■ The data

Segment Open

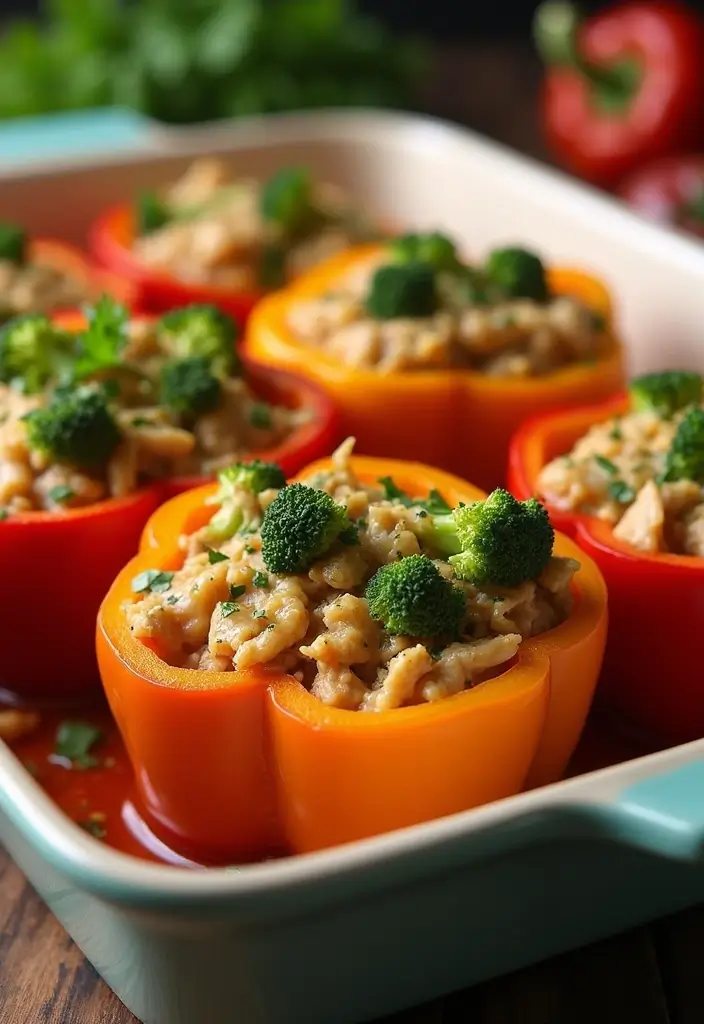 30 Quick and Easy Chicken Dinner Recipes Using Only 5 Ingredients 123 30 Quick and Easy Chicken Dinner Recipes Using Only 5 Ingredients - 21. Chicken and Broccoli Stuffed Peppers
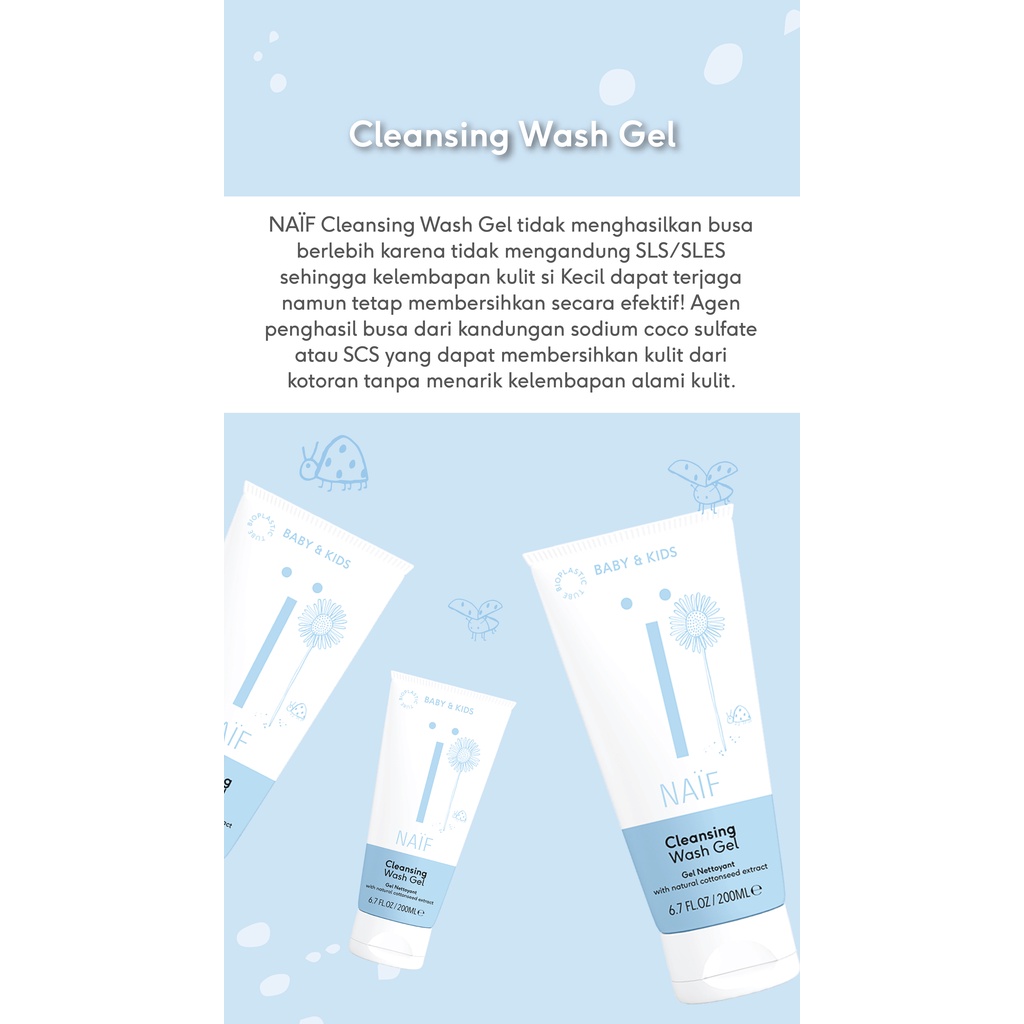 NAIF CLEANSING BABY WASH GEL 200ML / P003/KEMASAN BARU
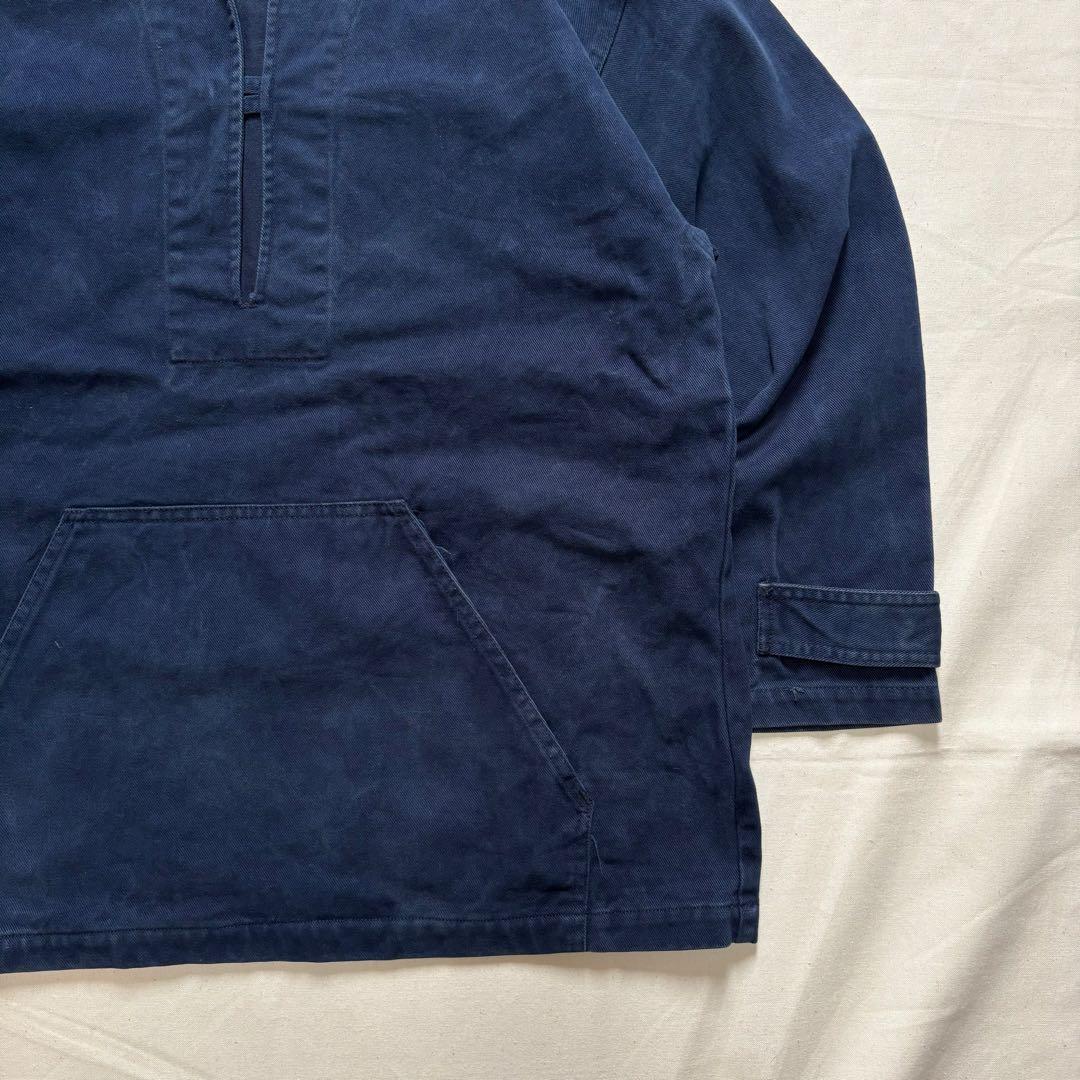 フレンチ フィッシャーマンスモック ユーロワーク プルオーバー 古着 ネイビー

Segment Closed

Your task is to output the material word for word while leaving out every image.

 30 Quick and Easy Chicken Dinner Recipes Using Only 5 Ingredients 123 30 Quick and Easy Chicken Dinner Recipes Using Only 5 Ingredients - 21. Chicken and Broccoli Stuffed Peppers
 NAIF CLEANSING BABY WASH GEL 200ML / P003/KEMASAN BARU
 フレンチ フィッシャーマンスモック ユーロワーク プルオーバー 古着 ネイビー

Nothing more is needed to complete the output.